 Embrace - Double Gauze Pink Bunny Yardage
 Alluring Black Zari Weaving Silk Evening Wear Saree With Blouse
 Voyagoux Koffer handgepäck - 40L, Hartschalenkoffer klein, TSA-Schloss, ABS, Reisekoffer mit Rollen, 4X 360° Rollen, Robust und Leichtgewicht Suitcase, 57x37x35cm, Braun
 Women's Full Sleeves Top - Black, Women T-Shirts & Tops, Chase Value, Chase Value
━━━━━━
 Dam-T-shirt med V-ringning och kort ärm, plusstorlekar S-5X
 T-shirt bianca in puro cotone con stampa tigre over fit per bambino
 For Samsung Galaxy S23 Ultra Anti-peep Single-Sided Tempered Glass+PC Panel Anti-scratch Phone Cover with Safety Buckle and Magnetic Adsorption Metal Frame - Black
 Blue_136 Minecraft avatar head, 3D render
━━━━━━
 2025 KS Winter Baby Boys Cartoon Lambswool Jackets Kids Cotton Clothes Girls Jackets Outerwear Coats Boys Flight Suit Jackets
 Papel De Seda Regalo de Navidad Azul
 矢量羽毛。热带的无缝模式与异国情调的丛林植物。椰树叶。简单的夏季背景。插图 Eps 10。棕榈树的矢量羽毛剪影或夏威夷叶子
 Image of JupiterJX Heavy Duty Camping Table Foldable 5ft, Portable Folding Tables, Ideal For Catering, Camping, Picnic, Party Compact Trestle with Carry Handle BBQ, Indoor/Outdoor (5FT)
━━━━━━
= What is required =
Copy out whichever lines of the listing contain the word "Black".

= Expected answer =
 Alluring Black Zari Weaving Silk Evening Wear Saree With Blouse
 Women's Full Sleeves Top - Black, Women T-Shirts & Tops, Chase Value, Chase Value
 For Samsung Galaxy S23 Ultra Anti-peep Single-Sided Tempered Glass+PC Panel Anti-scratch Phone Cover with Safety Buckle and Magnetic Adsorption Metal Frame - Black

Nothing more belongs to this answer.